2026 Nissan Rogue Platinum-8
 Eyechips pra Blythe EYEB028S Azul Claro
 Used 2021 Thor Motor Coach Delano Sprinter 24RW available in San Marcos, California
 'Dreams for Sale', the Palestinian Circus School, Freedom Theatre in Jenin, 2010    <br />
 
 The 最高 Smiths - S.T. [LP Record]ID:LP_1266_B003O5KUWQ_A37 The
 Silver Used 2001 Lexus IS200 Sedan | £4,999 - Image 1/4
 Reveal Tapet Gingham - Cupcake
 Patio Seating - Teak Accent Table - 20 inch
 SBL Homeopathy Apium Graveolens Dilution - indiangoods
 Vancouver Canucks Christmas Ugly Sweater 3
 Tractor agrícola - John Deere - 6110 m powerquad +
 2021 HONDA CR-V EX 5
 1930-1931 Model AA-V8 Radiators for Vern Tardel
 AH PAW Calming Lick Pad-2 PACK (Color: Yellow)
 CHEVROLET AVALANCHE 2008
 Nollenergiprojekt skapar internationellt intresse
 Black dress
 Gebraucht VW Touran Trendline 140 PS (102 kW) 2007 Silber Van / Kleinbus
* * * * * * *
— WHAT IS REQUIRED —
Using the entries above, output exactly the lines between the line holding "SBL Homeopathy Apium" and the line holding "1930-1931 Model AA-V8", end lines included, and nothing more.

— ANSWER TO THIS PROBLEM —
 SBL Homeopathy Apium Graveolens Dilution - indiangoods
 Vancouver Canucks Christmas Ugly Sweater 3
 Tractor agrícola - John Deere - 6110 m powerquad +
 2021 HONDA CR-V EX 5
 1930-1931 Model AA-V8 Radiators for Vern Tardel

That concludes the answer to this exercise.